Cuma, Şubat 16, 2024

Düğün Salonu

Fotoğraf 1981 yılından, Aksaray Vatan Düğün Salonu'ndan... İsmini fotoğraf arkasına yazılmış nottan öğrendiğimiz Şantöz Bahar her telden şarkılar söylüyor olmalı, yeter ki coştursun salondakileri...Mekan İstanbul'daymış ama Ankara veya Adana da olabilirmiş, o kadar benziyor çünkü... Popüler kültürün ve "güzellik algısının" çabuk değişmediği zamanlar bunlar. Bu tarihten otuz yıl önce de böyleymiş düğün salonları... 

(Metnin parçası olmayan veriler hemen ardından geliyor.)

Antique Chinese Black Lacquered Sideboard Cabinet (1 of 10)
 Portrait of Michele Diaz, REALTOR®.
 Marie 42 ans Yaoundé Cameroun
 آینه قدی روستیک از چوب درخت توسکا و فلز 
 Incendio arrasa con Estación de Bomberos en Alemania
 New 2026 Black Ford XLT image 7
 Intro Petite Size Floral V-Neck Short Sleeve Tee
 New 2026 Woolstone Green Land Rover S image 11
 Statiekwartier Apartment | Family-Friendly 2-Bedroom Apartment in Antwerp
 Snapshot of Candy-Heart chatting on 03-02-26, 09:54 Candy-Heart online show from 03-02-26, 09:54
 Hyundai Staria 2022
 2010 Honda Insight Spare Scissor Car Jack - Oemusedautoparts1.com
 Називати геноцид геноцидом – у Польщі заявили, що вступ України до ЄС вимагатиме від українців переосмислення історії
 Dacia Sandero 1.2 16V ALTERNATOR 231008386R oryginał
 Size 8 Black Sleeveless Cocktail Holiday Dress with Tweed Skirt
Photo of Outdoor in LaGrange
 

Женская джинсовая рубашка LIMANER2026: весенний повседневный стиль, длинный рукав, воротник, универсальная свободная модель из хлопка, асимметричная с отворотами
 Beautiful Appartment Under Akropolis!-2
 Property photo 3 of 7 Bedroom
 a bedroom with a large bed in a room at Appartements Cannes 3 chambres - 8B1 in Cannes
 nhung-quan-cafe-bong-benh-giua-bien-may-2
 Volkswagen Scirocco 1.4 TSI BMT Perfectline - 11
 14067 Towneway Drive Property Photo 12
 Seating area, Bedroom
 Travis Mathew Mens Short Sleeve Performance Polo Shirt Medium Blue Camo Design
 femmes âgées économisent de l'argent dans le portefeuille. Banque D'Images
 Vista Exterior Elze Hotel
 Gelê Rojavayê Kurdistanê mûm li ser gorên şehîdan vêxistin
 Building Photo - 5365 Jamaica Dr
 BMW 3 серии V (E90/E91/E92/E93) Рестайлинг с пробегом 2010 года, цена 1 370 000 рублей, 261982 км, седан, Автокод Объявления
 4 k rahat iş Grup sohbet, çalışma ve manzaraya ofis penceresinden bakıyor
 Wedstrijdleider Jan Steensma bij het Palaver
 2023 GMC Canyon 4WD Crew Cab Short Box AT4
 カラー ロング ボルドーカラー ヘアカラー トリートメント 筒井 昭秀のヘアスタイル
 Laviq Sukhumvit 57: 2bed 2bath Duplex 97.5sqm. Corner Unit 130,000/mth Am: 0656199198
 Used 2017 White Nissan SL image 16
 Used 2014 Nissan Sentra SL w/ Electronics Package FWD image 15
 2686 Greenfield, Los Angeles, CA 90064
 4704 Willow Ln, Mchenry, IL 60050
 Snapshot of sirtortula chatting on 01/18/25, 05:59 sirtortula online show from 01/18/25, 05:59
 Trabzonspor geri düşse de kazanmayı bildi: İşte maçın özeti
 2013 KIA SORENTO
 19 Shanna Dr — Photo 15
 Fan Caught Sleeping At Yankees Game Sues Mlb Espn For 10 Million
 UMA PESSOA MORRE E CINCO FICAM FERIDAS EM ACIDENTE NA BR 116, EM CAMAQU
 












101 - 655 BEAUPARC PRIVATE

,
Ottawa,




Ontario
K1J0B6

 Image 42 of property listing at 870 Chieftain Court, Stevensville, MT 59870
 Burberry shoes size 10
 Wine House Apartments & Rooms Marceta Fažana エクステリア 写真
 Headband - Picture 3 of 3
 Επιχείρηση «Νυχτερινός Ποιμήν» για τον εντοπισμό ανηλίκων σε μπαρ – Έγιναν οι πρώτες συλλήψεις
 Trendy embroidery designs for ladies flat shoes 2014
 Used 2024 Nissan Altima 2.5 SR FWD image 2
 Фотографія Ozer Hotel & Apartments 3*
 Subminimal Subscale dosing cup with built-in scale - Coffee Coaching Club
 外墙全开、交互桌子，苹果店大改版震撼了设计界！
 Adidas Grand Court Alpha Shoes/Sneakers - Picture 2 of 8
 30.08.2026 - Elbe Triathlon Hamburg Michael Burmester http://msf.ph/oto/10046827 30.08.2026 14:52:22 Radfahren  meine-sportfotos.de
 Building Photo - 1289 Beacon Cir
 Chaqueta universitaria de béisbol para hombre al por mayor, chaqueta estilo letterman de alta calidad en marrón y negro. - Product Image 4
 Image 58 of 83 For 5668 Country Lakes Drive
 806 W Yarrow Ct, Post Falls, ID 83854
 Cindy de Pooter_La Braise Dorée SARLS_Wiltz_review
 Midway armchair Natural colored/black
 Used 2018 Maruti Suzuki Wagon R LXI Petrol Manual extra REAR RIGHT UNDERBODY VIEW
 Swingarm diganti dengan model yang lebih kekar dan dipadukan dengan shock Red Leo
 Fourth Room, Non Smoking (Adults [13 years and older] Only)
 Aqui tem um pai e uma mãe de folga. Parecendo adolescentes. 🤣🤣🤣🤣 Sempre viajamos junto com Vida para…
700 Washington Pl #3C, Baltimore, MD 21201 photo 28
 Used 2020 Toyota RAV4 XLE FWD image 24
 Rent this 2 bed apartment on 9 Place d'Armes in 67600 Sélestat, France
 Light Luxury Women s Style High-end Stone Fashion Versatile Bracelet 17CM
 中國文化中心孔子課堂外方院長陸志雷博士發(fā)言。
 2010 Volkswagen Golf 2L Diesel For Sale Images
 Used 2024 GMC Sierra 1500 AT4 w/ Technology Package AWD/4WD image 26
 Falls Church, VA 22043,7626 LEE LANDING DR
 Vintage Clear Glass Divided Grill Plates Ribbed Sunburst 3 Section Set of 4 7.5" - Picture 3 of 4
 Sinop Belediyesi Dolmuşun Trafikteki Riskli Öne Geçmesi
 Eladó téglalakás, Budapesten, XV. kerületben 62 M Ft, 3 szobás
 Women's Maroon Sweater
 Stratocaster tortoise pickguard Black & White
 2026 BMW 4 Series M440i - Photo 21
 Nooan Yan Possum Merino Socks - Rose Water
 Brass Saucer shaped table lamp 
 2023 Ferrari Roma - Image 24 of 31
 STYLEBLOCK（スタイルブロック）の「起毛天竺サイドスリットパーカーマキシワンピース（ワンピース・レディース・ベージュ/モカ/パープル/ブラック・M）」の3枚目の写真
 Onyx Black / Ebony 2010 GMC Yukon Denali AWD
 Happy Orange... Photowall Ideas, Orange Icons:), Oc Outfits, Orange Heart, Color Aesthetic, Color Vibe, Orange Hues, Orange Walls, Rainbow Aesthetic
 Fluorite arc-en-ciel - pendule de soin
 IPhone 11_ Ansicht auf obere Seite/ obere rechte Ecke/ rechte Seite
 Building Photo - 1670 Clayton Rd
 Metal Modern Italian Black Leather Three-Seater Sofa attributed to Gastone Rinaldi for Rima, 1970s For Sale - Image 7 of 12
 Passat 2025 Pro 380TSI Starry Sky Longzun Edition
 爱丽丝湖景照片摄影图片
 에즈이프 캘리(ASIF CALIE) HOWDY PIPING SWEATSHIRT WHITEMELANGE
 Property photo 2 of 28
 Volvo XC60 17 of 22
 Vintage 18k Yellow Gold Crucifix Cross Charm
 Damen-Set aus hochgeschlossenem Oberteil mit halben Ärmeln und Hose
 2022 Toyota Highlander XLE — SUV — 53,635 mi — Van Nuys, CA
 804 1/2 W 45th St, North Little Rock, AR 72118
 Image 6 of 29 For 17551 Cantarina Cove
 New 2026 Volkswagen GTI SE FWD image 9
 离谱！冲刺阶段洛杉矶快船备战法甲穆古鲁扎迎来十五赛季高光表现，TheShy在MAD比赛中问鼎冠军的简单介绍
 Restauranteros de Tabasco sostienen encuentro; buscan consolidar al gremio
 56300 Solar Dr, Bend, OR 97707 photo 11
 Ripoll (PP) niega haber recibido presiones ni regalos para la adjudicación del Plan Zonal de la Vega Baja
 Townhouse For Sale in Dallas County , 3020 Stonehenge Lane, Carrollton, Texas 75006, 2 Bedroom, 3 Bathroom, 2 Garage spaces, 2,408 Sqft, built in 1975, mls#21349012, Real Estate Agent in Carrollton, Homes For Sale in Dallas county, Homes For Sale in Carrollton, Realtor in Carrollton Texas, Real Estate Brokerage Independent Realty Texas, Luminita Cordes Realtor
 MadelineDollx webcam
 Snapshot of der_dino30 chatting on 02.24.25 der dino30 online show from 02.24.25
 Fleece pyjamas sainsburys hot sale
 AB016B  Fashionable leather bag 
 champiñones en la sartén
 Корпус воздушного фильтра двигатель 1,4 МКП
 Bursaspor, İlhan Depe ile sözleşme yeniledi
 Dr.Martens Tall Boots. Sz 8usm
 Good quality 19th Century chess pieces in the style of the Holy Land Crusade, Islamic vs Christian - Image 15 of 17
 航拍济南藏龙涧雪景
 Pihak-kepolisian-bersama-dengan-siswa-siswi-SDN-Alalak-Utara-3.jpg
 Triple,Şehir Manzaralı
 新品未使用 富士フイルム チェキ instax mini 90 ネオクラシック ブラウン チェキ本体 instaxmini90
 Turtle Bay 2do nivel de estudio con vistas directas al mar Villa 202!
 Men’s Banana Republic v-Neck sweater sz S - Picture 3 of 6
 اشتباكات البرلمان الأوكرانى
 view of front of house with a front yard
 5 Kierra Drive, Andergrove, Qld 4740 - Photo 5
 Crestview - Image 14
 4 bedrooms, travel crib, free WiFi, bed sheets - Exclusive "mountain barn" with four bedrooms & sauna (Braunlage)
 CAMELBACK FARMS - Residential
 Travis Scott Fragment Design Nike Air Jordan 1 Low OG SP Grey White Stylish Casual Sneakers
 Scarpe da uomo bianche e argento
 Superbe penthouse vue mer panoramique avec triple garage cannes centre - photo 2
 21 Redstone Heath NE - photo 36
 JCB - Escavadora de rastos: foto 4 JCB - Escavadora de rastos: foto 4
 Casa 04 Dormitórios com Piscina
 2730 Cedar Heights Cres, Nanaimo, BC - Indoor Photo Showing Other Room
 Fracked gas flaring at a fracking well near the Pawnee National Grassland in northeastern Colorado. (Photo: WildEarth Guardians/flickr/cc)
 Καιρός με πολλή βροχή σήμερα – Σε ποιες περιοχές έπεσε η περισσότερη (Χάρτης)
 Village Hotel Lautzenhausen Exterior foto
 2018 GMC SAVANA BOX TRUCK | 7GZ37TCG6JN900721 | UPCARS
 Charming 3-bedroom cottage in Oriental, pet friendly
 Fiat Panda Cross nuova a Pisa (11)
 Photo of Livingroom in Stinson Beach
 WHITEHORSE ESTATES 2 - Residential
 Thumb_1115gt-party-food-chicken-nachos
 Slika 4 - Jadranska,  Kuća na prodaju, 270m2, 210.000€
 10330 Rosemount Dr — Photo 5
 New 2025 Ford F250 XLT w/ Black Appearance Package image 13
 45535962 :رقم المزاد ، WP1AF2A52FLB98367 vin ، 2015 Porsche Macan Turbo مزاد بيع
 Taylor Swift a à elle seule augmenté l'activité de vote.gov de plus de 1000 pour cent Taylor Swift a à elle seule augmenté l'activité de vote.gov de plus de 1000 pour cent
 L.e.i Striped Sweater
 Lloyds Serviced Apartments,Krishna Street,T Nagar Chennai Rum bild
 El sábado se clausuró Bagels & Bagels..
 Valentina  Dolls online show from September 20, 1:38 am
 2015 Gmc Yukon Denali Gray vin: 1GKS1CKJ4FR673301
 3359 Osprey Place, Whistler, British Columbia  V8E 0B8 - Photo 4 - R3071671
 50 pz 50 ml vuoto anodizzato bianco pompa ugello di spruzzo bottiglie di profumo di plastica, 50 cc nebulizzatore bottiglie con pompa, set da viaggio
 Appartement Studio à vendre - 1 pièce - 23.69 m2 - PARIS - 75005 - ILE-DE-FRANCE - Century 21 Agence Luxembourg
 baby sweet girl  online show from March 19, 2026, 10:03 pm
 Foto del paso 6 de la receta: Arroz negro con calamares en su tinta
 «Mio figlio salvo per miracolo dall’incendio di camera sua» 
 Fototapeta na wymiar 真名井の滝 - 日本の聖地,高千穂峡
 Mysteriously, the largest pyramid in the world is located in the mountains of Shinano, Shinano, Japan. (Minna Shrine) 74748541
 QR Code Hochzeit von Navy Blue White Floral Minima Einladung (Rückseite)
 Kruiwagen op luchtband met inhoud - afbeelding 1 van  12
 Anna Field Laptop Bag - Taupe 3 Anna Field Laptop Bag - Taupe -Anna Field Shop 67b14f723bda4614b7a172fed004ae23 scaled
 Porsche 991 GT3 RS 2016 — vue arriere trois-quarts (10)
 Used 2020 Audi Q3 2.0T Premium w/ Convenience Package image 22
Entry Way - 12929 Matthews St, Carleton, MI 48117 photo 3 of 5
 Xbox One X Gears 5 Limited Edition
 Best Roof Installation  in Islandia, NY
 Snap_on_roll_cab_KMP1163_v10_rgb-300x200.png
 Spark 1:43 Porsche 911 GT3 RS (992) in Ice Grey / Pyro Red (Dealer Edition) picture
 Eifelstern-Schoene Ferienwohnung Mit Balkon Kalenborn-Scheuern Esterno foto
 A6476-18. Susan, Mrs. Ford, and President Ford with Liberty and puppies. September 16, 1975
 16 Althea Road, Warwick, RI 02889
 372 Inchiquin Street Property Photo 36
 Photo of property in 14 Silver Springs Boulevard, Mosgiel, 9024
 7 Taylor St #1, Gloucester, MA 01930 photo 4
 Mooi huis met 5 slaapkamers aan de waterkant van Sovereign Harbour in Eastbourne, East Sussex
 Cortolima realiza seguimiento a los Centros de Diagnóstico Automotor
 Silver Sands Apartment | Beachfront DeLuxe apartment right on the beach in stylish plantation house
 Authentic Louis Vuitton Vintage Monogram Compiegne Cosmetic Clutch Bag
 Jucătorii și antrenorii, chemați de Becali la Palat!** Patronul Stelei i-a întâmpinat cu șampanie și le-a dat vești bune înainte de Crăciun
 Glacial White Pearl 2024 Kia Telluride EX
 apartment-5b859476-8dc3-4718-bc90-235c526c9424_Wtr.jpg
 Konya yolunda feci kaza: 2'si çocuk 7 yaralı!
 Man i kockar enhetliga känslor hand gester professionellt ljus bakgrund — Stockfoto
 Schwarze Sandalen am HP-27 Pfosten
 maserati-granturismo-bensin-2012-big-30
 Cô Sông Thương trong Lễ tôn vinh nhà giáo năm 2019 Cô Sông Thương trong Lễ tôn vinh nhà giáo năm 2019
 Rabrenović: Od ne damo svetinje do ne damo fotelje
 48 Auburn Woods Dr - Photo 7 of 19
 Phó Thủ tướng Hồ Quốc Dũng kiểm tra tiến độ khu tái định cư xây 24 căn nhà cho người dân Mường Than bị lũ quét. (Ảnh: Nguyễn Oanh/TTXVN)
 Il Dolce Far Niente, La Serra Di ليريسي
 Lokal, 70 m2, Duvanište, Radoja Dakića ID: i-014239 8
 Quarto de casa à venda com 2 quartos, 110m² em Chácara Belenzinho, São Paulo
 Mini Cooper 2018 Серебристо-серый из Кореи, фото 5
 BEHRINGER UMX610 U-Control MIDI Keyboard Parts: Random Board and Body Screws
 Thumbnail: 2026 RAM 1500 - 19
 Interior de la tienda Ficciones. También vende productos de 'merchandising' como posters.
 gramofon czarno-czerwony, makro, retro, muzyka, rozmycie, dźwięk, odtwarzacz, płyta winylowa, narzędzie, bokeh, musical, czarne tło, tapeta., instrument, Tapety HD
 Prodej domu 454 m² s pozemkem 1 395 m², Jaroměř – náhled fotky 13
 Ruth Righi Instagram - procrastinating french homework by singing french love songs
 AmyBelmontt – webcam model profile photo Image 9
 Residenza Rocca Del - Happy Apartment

İlk gördüğüm düğün salonunu, neden bilmiyorum, dekor ve sahne estetiğinden olabilir, ilkokulumdaki müsamere sahnesine benzetmiştim. Kenar mahallelerde rastlanabilecek türden (aleladeliğinin farkında olmayan, son derce ucuz ve bayağı) bir mekandı. Bilmemne abiyle, aracılarla istetilen komşunun akraba kızının nişanı için pazarlığa gidilmişti. 

On yaşında falanım. İkindi vaktiydi, merdivenlerden alt kata inmiştik, karanlıktı, etraf kirliydi, masalarda şişeler filan, ekşimsi bir koku... Bugün düşünüyorum da akşamdan kalma bir sarhoş gibiydi... Aynı yeri akşam görünce şaşırmıştım, ışıl ışıldı, kalabalıktı, çocuklar koşuyordu, çocuklar koşuyordu...Kulakları cızırdatan müzik yüzünden amcalar ablalar bağırarak konuşuyordu. 

Henüz bilmiyordum, öğrenecektim, düğün salonları "kuru pasta, renkli gazoz ve eko'lu çıstak müzik" demekti. 

Abiler, votka karıştırırdı Fruko'ya. Teyzeler, münasipse diyerek kız bakarlardı oğullarına. Kız kıza dans edilirdi. Babamla dayım fidayda oynarlardı, amman bulguru kaynatırlar... Org olmazsa olmazdı, bateri hafif hafif tempo yapardı sahne boşken...Birileri kötü sarhoş olurdu, kusardı, dağıtırdı. Dış kapının önünden "gobeller" süslenmiş "karıları" görürüz belki diye ayaklarını sürüye sürüye geçerdi.

Düğün salonlarının kötü dekorları bugün de var ama gelişen inşaatçılıkla başka bir hal aldılar, ziyadesiyle televizyonun ve evlilik programlarının etkisindeler, sütunlar, asansörler, konfetiler, cep telefonları, beyaz masalar, büyük pastalar, davullar, takılar, "gelenek vurgusuyla", dualarla, bayraklarla, gösterişle kıyılan nikahlar... Evet, varlar, yine "kiç" olan daha başka saçmalıklarla yaşıyorlar. 

Düğün eğlencelerinden pek hazzetmem,  akrabalar, seremoniler, el öpmeler, yalandan hal hatır sormalar filan artık kaldıramıyorum galiba... Gitmemek için her türlü taklayı aşıyorum ama itiraf edeyim, hikayesini anlatmayı, masaları dolaşmayı, yakınlaşıp uzaklaşıp, bir biçimde salondan manzaralar seyrettirmeyi istiyorum. Kısmet artık. 

1 yorum:

dilovasi_isci dedi ki...

çocukluğumda düğün salonlarında dağıtılan fruko gazozlardan yarım fruko içerdim. tam şişe içtiğimi hiç hatırlamıyorum. sayılı gelirdi.